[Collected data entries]
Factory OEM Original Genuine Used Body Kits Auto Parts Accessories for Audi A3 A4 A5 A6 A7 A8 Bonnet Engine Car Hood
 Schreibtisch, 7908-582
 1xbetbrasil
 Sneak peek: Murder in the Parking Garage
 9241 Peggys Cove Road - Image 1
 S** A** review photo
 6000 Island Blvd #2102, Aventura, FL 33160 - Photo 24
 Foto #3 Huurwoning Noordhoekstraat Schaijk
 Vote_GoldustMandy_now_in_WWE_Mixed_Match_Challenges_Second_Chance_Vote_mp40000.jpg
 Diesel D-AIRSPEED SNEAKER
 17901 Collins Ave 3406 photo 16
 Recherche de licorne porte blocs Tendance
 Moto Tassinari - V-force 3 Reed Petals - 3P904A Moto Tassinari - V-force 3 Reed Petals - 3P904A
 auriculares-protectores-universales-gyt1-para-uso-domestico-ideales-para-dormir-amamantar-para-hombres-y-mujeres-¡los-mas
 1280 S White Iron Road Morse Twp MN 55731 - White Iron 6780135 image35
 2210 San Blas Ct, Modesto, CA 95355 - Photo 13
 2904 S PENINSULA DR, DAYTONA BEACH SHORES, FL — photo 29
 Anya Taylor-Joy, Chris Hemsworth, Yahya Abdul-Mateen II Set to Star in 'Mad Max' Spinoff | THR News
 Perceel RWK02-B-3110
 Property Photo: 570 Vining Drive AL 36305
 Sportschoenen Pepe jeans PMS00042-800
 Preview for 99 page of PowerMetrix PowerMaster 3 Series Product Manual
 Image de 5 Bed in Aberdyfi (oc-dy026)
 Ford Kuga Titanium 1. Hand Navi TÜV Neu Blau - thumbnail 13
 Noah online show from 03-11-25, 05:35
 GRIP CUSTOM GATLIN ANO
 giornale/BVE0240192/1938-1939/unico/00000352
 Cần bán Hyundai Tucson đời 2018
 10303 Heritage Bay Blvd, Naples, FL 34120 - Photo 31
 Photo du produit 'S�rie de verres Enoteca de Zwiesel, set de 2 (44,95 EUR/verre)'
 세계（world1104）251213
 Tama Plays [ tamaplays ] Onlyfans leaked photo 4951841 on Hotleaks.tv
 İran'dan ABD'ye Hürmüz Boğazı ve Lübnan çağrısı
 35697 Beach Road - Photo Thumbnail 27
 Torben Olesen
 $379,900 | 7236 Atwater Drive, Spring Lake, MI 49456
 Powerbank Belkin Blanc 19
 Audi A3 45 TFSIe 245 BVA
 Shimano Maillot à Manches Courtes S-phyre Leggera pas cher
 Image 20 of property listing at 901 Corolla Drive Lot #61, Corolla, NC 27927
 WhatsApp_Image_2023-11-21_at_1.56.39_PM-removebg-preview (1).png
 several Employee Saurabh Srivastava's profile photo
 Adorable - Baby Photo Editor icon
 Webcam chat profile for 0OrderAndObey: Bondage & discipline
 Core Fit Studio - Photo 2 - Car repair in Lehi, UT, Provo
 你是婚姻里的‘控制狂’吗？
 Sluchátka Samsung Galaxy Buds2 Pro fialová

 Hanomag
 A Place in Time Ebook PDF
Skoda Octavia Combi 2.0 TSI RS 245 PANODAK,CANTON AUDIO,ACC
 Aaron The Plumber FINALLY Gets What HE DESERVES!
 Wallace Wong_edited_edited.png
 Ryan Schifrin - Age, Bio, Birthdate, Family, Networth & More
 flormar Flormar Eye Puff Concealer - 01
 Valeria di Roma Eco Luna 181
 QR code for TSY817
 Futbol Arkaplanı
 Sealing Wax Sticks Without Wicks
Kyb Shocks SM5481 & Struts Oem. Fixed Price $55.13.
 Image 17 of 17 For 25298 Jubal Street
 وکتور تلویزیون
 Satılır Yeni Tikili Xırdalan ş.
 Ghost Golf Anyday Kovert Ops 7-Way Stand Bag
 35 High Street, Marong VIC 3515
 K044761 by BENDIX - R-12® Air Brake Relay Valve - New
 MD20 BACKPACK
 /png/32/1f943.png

### Task to carry out:
Retype each record exactly, leaving nothing out.

### Solution:
Factory OEM Original Genuine Used Body Kits Auto Parts Accessories for Audi A3 A4 A5 A6 A7 A8 Bonnet Engine Car Hood
 Schreibtisch, 7908-582
 1xbetbrasil
 Sneak peek: Murder in the Parking Garage
 9241 Peggys Cove Road - Image 1
 S** A** review photo
 6000 Island Blvd #2102, Aventura, FL 33160 - Photo 24
 Foto #3 Huurwoning Noordhoekstraat Schaijk
 Vote_GoldustMandy_now_in_WWE_Mixed_Match_Challenges_Second_Chance_Vote_mp40000.jpg
 Diesel D-AIRSPEED SNEAKER
 17901 Collins Ave 3406 photo 16
 Recherche de licorne porte blocs Tendance
 Moto Tassinari - V-force 3 Reed Petals - 3P904A Moto Tassinari - V-force 3 Reed Petals - 3P904A
 auriculares-protectores-universales-gyt1-para-uso-domestico-ideales-para-dormir-amamantar-para-hombres-y-mujeres-¡los-mas
 1280 S White Iron Road Morse Twp MN 55731 - White Iron 6780135 image35
 2210 San Blas Ct, Modesto, CA 95355 - Photo 13
 2904 S PENINSULA DR, DAYTONA BEACH SHORES, FL — photo 29
 Anya Taylor-Joy, Chris Hemsworth, Yahya Abdul-Mateen II Set to Star in 'Mad Max' Spinoff | THR News
 Perceel RWK02-B-3110
 Property Photo: 570 Vining Drive AL 36305
 Sportschoenen Pepe jeans PMS00042-800
 Preview for 99 page of PowerMetrix PowerMaster 3 Series Product Manual
 Image de 5 Bed in Aberdyfi (oc-dy026)
 Ford Kuga Titanium 1. Hand Navi TÜV Neu Blau - thumbnail 13
 Noah online show from 03-11-25, 05:35
 GRIP CUSTOM GATLIN ANO
 giornale/BVE0240192/1938-1939/unico/00000352
 Cần bán Hyundai Tucson đời 2018
 10303 Heritage Bay Blvd, Naples, FL 34120 - Photo 31
 Photo du produit 'S�rie de verres Enoteca de Zwiesel, set de 2 (44,95 EUR/verre)'
 세계（world1104）251213
 Tama Plays [ tamaplays ] Onlyfans leaked photo 4951841 on Hotleaks.tv
 İran'dan ABD'ye Hürmüz Boğazı ve Lübnan çağrısı
 35697 Beach Road - Photo Thumbnail 27
 Torben Olesen
 $379,900 | 7236 Atwater Drive, Spring Lake, MI 49456
 Powerbank Belkin Blanc 19
 Audi A3 45 TFSIe 245 BVA
 Shimano Maillot à Manches Courtes S-phyre Leggera pas cher
 Image 20 of property listing at 901 Corolla Drive Lot #61, Corolla, NC 27927
 WhatsApp_Image_2023-11-21_at_1.56.39_PM-removebg-preview (1).png
 several Employee Saurabh Srivastava's profile photo
 Adorable - Baby Photo Editor icon
 Webcam chat profile for 0OrderAndObey: Bondage & discipline
 Core Fit Studio - Photo 2 - Car repair in Lehi, UT, Provo
 你是婚姻里的‘控制狂’吗？
 Sluchátka Samsung Galaxy Buds2 Pro fialová

 Hanomag
 A Place in Time Ebook PDF
Skoda Octavia Combi 2.0 TSI RS 245 PANODAK,CANTON AUDIO,ACC
 Aaron The Plumber FINALLY Gets What HE DESERVES!
 Wallace Wong_edited_edited.png
 Ryan Schifrin - Age, Bio, Birthdate, Family, Networth & More
 flormar Flormar Eye Puff Concealer - 01
 Valeria di Roma Eco Luna 181
 QR code for TSY817
 Futbol Arkaplanı
 Sealing Wax Sticks Without Wicks
Kyb Shocks SM5481 & Struts Oem. Fixed Price $55.13.
 Image 17 of 17 For 25298 Jubal Street
 وکتور تلویزیون
 Satılır Yeni Tikili Xırdalan ş.
 Ghost Golf Anyday Kovert Ops 7-Way Stand Bag
 35 High Street, Marong VIC 3515
 K044761 by BENDIX - R-12® Air Brake Relay Valve - New
 MD20 BACKPACK
 /png/32/1f943.png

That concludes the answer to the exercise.